Monday, February 17, 2025

What are the steps involved in migrating application to cloud?

Below are some of steps which can be taken care while performing any application or database migration in cloud.

  1. Identify Application and Database - Architecture and Flow

    • Check all the on-prem application functionalities

    • Majorly focuses on how the application services seamlessly working

    • Write down the requirement specification to enable decision making to application architect/cloud architect

  2. Identify Application and Database – Coding Complexity

    • Application is designed in old legacy language i.e. cobol, fortran, c, c++, etc.

    • Check the code coverage and code availability and code expertise people availability

    • Consider the complexity of the application code

    • Consider how data communication happens in current application

    • Consider how much security features covered in current application

  3. Discussion – Tech Team / Cloud Vendor

    • Discussion with Tech Team on Application Design and Operations

    • Draw the flow charts and application diagrams accordingly

    • Define time line to make a pilot development and deployment

    • Prepare check list for application and database

    • Identify cloud vendor i.e. AWS, Azure, GCP, OCI, etc. to approach first

    • kick off meeting with cloud vendors and choose which one to go

  4. Discussion – Tech Team/Business Team

    • Meeting with Application/Tech Team Management on finalization of further approach for cloud migration

  5. Finalize – Tech Stack and Operating Model in Cloud

    • Check and compare the cloud vendors Tech Solutions along with Application and Business Teams, in data, infra, reporting, etc. aspects.

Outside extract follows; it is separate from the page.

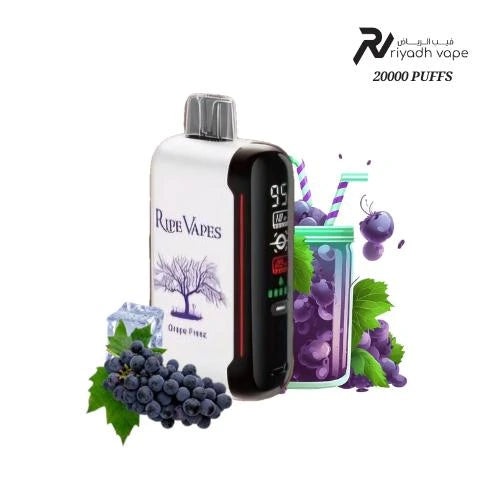 Ripe Vapes 20000 Puffs Disposable Vape - Grape Freezeرايب فيب أناب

    • Consider Tech Solutions based upon your application scalability, complexity, and budget to migrate and operate

    • Consider current Tech Solutions which also provides SAAS Services in cloud and identify their operating/charging model

  6. Finalize – Tech Stack and Operating Model in Cloud

    • Meeting with cloud vendors i.e. AWS, Azure, GCP, OCI, etc.

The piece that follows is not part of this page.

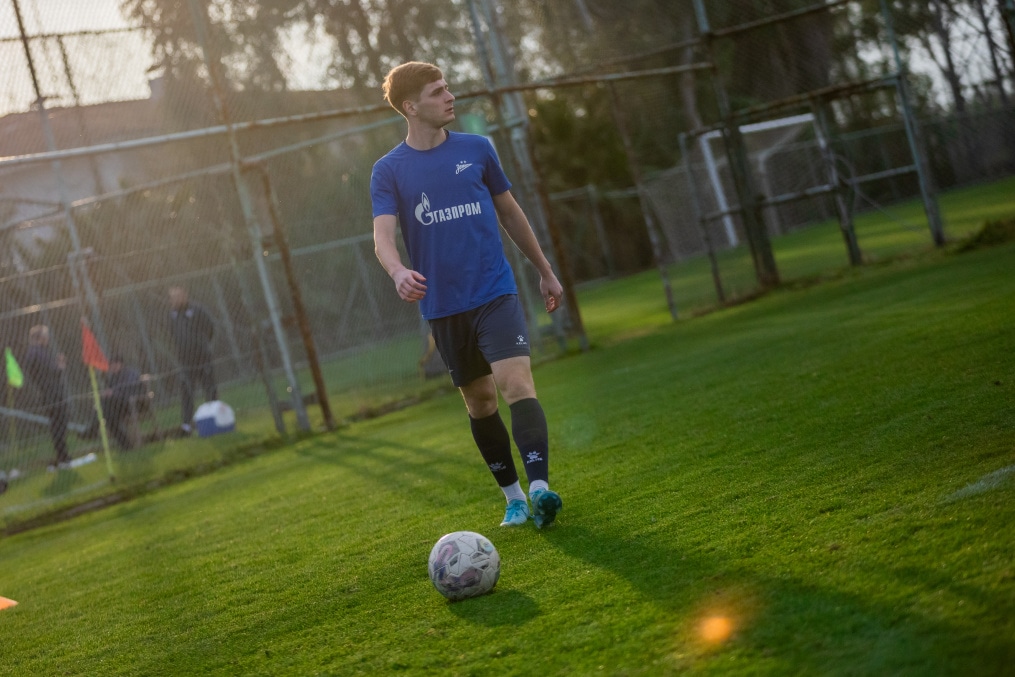 Первые учебно-тренировочные сборы «Зенита»-м в Турции: 30 января, вечерняя тренировка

    • Discuss current application checklist, application flow requirement, budgeting and all other details

    • Ask cloud vendors for their tech solutions - use cases and service model

    • Verified all aspects whether its fulfilled by cloud vendors Tech Solutions or not

    • Identify charging models of cloud vendors, long term or pay per use or any other, carefully understand charging pattern

    • Ideally choose – pay per usage resource charging model

  7. Empower – Tech Team / Migration Team

    • Identify or gather Tech Talent based on Cloud Vendor Tech Solutions and make a migration team responsible for migration in cloud

    • Provide training to inhouse teams on Tech Solutions

    • Partner with Cloud Vendor on training services offered by them to upskill our teams

    • Migration team should have more than 2 Architects (Cloud / On-Prem)

    • Provision a Migration Team Lead to supervise – guide team on migration activities

  8. Standards – Migration/Cloud

    • Validate earlier prepared check list for application and database with cloud

    • Choose Agile/Scrum/Kanban Model to track migration process

    • According to me, big bang approach is not suitable for migration

    • Divide application based on most used to least used functionalities, if possible

    • Leverage any IaC Tool i.e Terraform, OpenTofu, Pulumi, etc.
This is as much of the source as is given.